Records from a dataset
┏━━

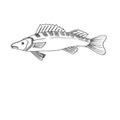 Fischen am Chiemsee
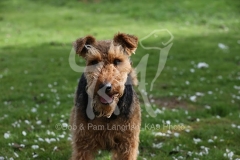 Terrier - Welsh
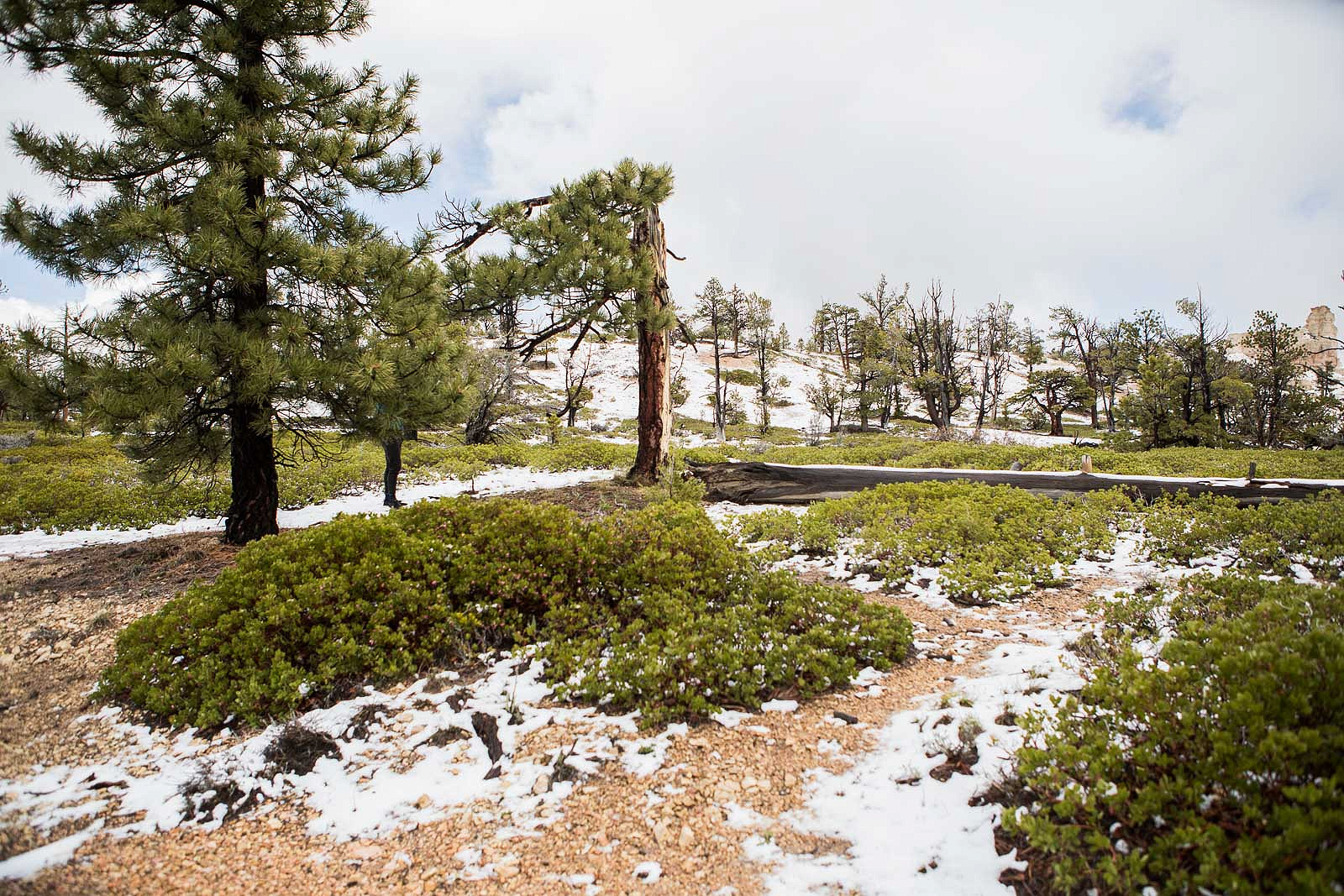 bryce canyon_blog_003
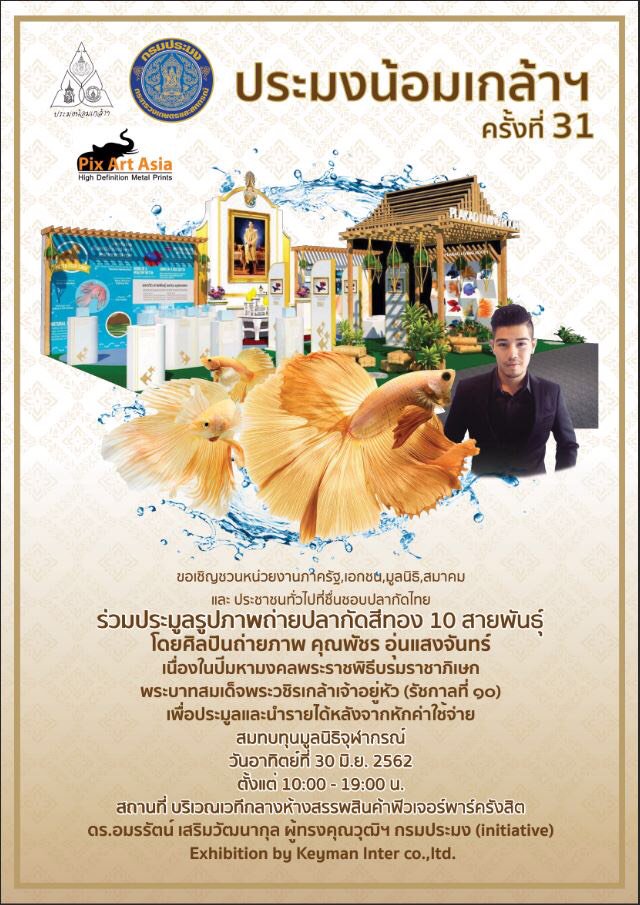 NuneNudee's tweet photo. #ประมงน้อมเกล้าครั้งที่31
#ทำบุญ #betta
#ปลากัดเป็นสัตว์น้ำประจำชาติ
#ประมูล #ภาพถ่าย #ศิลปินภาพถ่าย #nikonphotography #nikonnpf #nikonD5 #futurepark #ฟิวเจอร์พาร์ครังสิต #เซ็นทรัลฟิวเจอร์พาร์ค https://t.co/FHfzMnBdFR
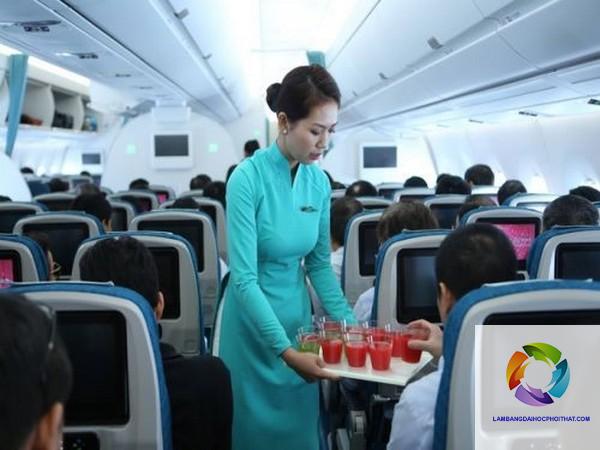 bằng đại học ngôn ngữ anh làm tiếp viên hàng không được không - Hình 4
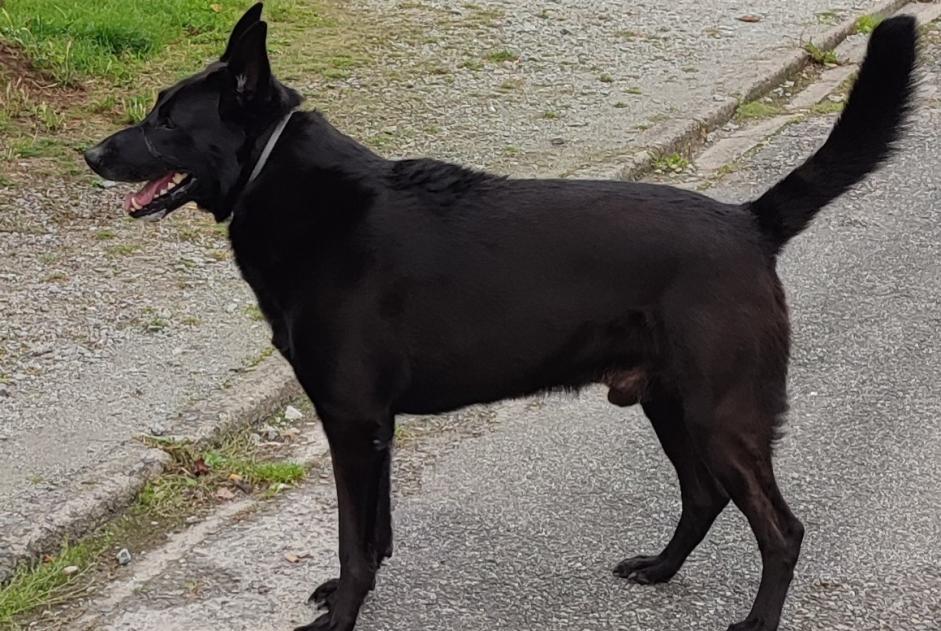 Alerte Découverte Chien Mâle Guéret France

┗━━

Work request -
Starting at the line that contains "#ทำบุญ #betta", please write out every line to the end of the entries, inclusive, copied exactly and with pictures omitted.

Task answer -
#ทำบุญ #betta
#ปลากัดเป็นสัตว์น้ำประจำชาติ
#ประมูล #ภาพถ่าย #ศิลปินภาพถ่าย #nikonphotography #nikonnpf #nikonD5 #futurepark #ฟิวเจอร์พาร์ครังสิต #เซ็นทรัลฟิวเจอร์พาร์ค https://t.co/FHfzMnBdFR
 bằng đại học ngôn ngữ anh làm tiếp viên hàng không được không - Hình 4
 Alerte Découverte Chien Mâle Guéret France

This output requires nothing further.